Exercise requirements
All entries are to be quoted exactly; the images stay out of the copy.

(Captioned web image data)
--- START ---

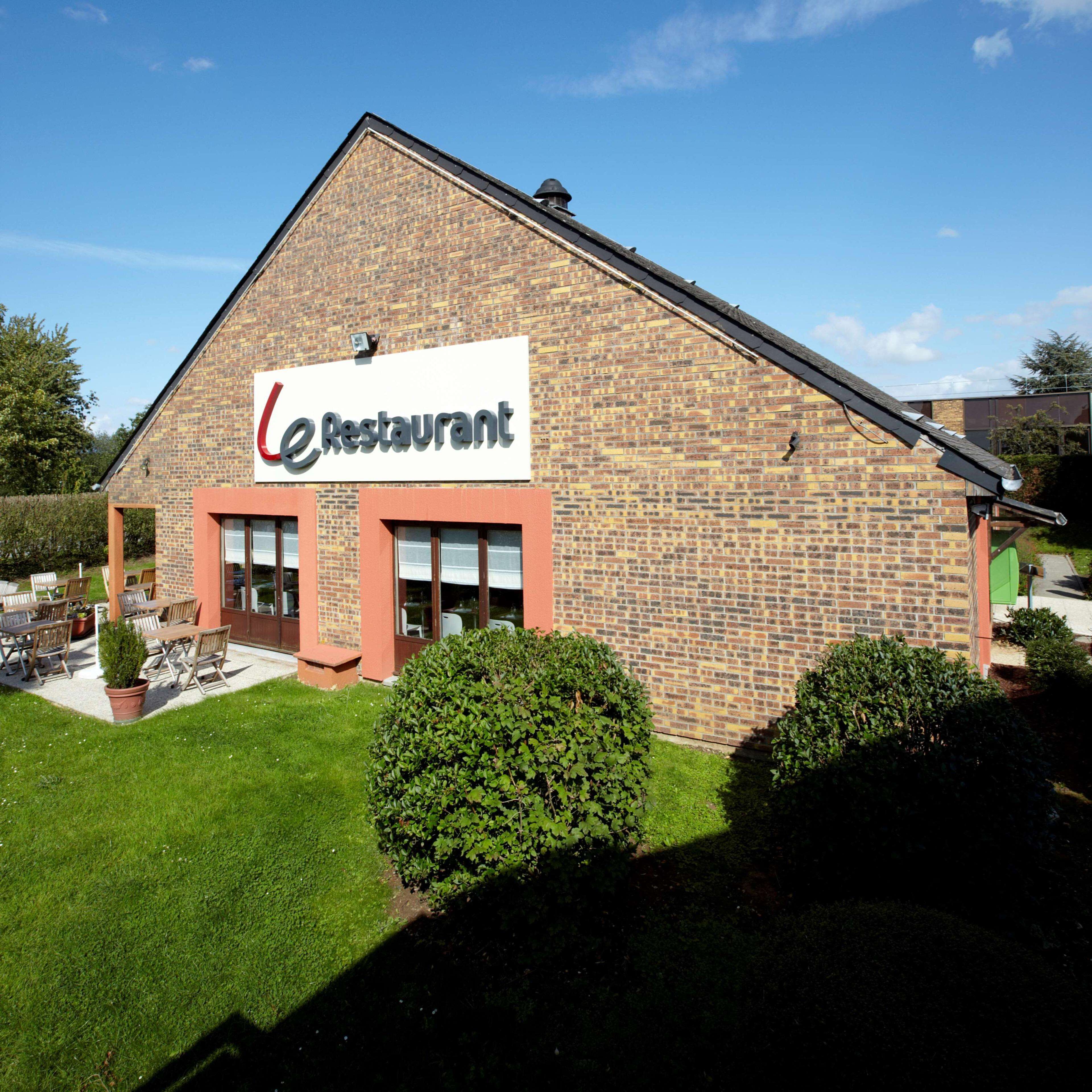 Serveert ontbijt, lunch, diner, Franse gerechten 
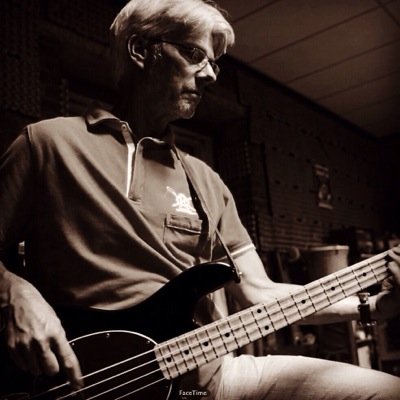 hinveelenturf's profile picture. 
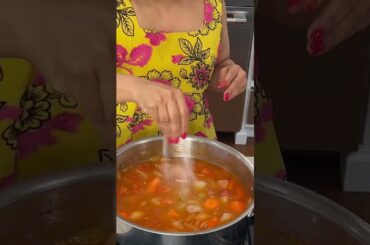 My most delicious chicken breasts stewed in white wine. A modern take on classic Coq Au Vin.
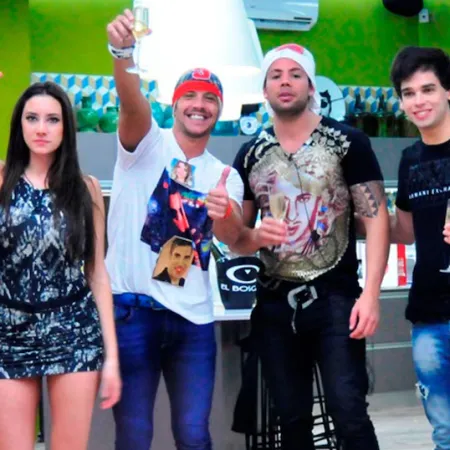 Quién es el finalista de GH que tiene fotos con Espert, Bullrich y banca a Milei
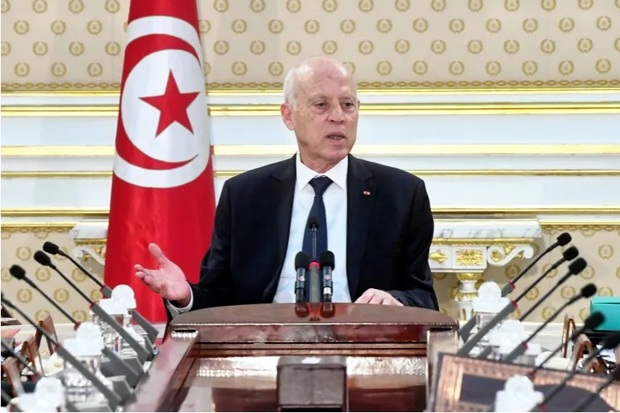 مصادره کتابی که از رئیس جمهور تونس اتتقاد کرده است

--- END ---

Exercise output
 Serveert ontbijt, lunch, diner, Franse gerechten 
 hinveelenturf's profile picture. 
 My most delicious chicken breasts stewed in white wine. A modern take on classic Coq Au Vin.
 Quién es el finalista de GH que tiene fotos con Espert, Bullrich y banca a Milei
 مصادره کتابی که از رئیس جمهور تونس اتتقاد کرده است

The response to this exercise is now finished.